Obviously I have no understanding what actually transpired, but I was reading through the thread, and it seemed like bad the sentiment was more around the behavior than the religious nature of the stuff (which definitely also faced some opposition, but less).

Sounds like this person just decided to set up shop without respecting other people's use of the same space, and with no efforts towards being non-disruptive. And then when people intervened and had conversations multiple times, they still refused to be respectful. So they got kicked out, and subsequently left an angry voicemail that misunderstands the constitution. The fact that this person already had two other temples they could use nearby made it seem even more like proselytizing, which just made it worse.

https://www.noisebridge.net/pipermail/noisebridge-discuss/20...

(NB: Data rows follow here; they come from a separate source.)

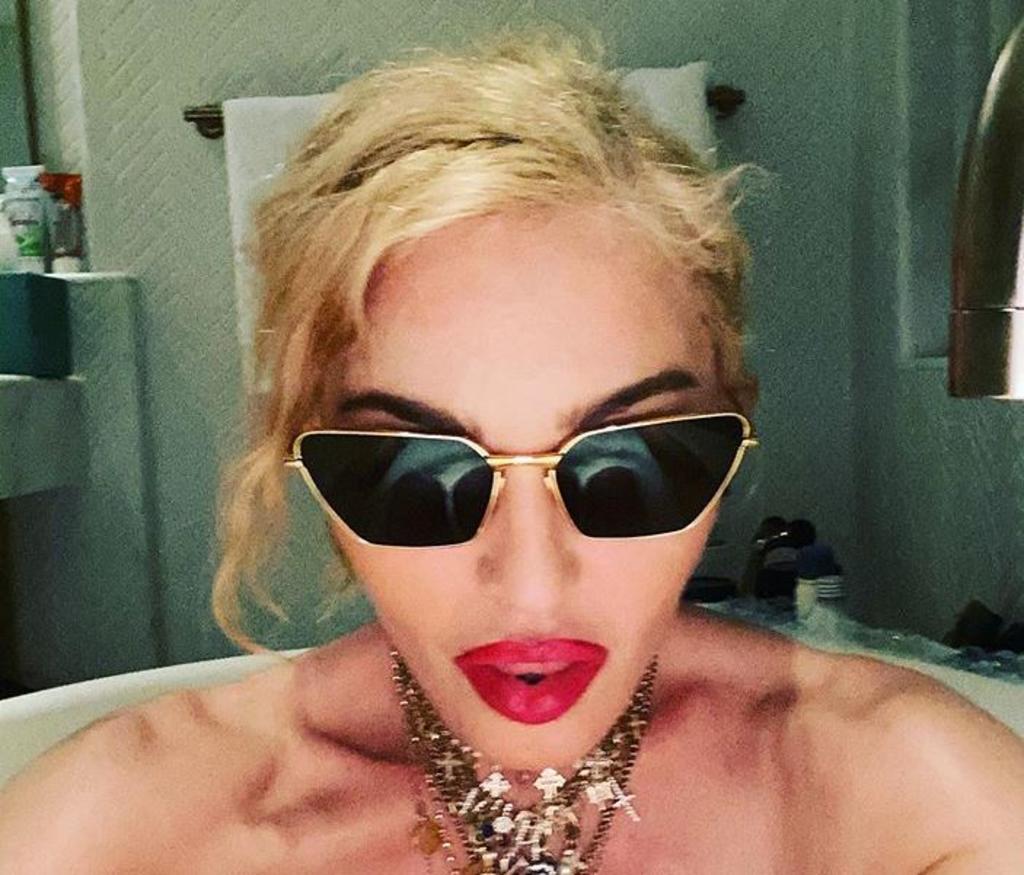 Madonna celebra tratamiento de cartílago en lencería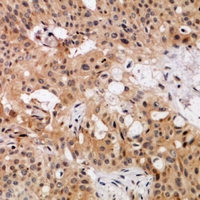 NDRG3 Antibody - Immunohistochemical analysis of NDRG3 staining in human breast cancer formalin fixed paraffin embedded tissue section. The section was pre-treated using heat mediated antigen retrieval with sodium citrate buffer (pH 6.0). The section was then incubated with the antibody at room temperature and detected using an HRP conjugated compact polymer system. DAB was used as the chromogen. The section was then counterstained with haematoxylin and mounted with DPX.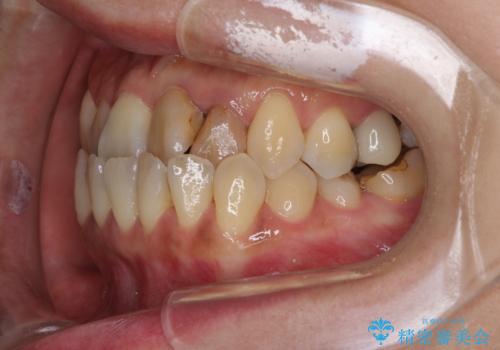 反対咬合で痛む前歯を改善 インビザラインによる矯正治療の治療前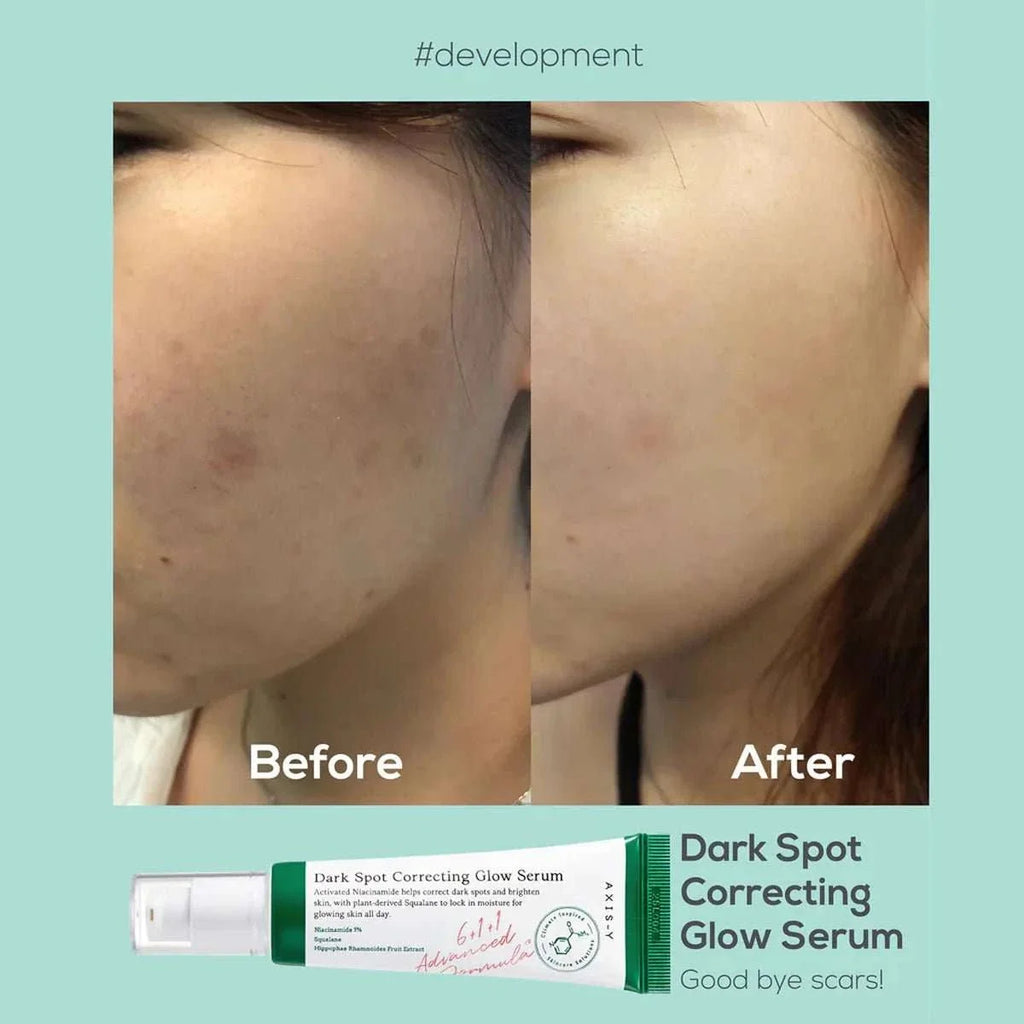 Axis-Y Dark Spot Glow Serum 50ml – full packaging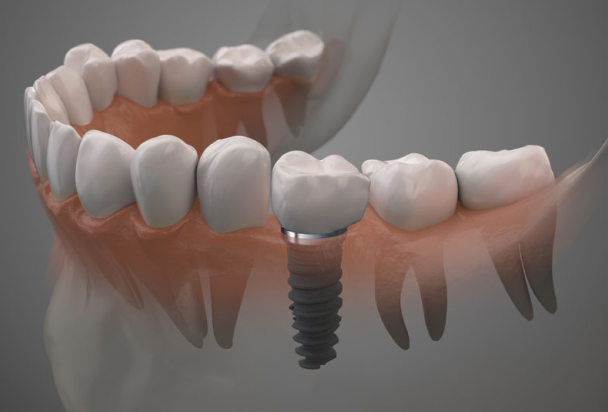 dental implant 3d render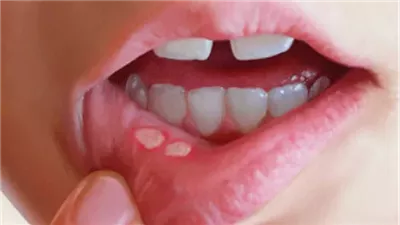 تحذير طبي من انتشار الهربس بين الرضع وهذه طرق الوقاية 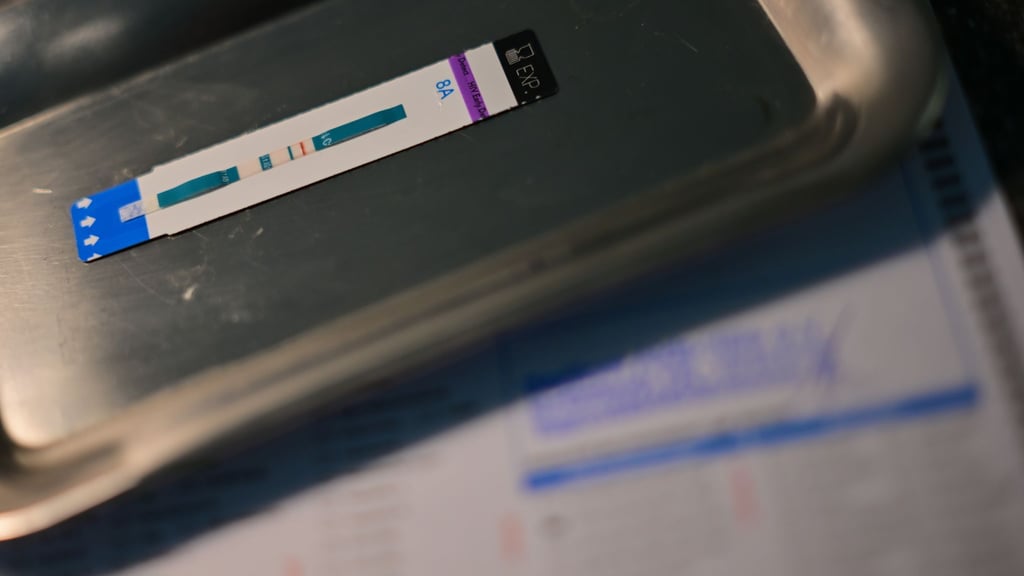 HIV-Diagnosen werden oft erst Jahre nach der Infektion gestellt. (Symbolbild)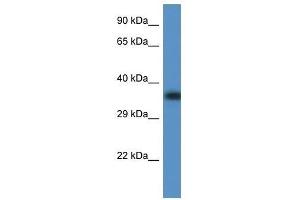 Western Blot showing Fbxo32 antibody used at a concentration of 1. (FBXO32 抗体  (C-Term))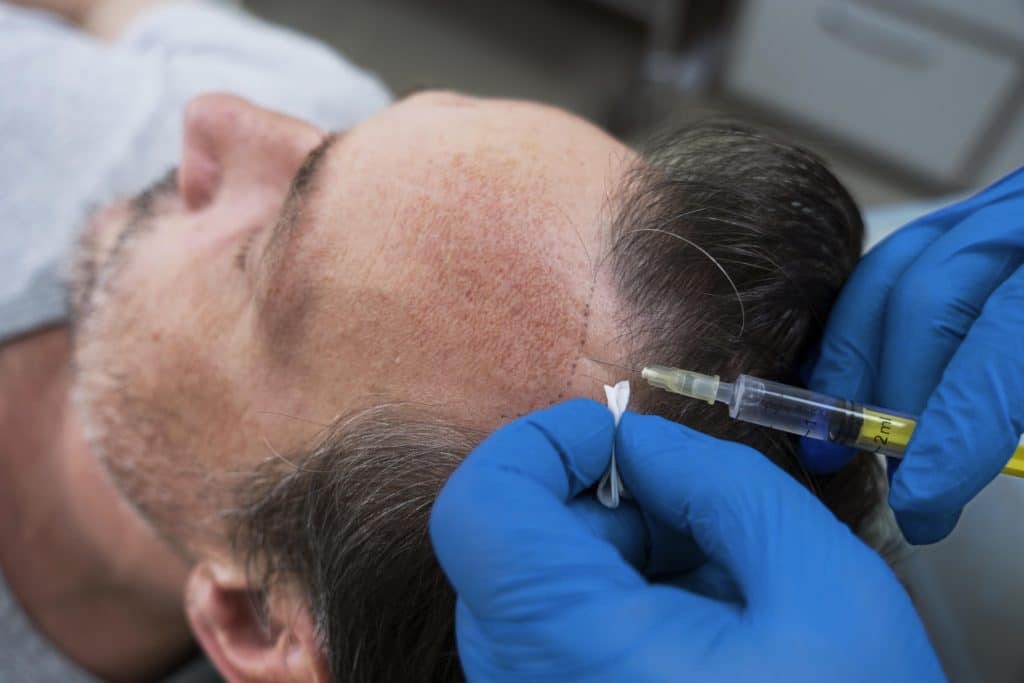 PRP Treatment in Kochi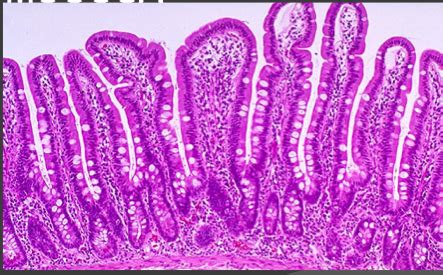 Lower Gi Pathology Flashcards Quizlet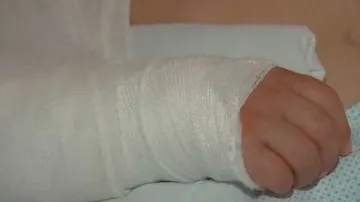 Zlomená ruka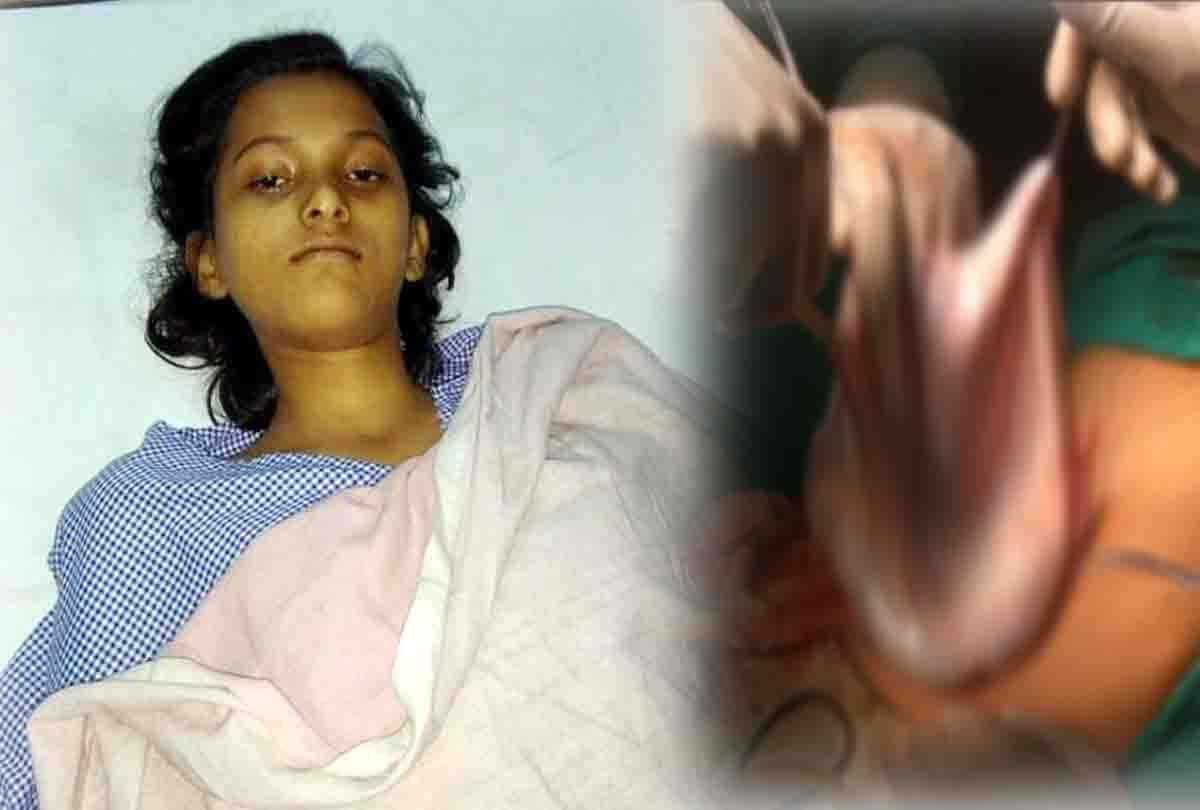 A 20 kg tumor coming out of the teenager stomach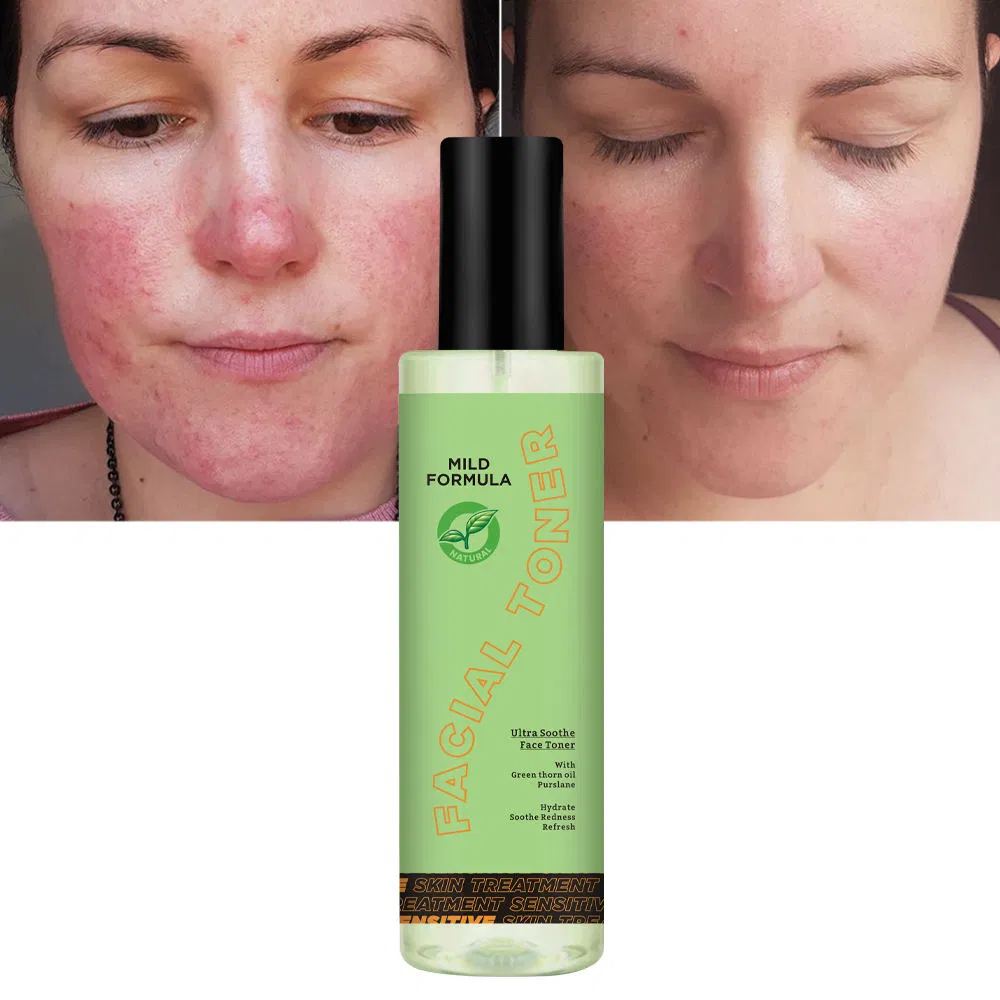 Sensitive Skin Care Products Redness Relief Anti-Allergy Moisturizing Facial Toner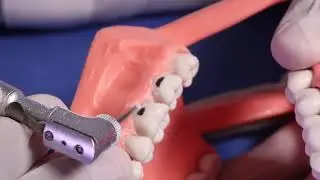 Preparación y técnica para la realización de cavidades clase V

I think the reaction could have been quite different if the person had asked about using the space and fixed the space back to how it was afterwards, and had not proselytized. Doesn't seem like too much to ask for a free public space.


I'm really interested in hearing more about what Noisebridge has learned over the years of building a community. As I see issues like this popping up frequently around me, just with less characters who resemble the beginnings of a joke.

Do you any literature you can point me to?



>> "including everyone actually means excluding some"

Just to be clear, do you mean "everyone" could not fit in the space, by being all inclusive that some would self exclude, etc.?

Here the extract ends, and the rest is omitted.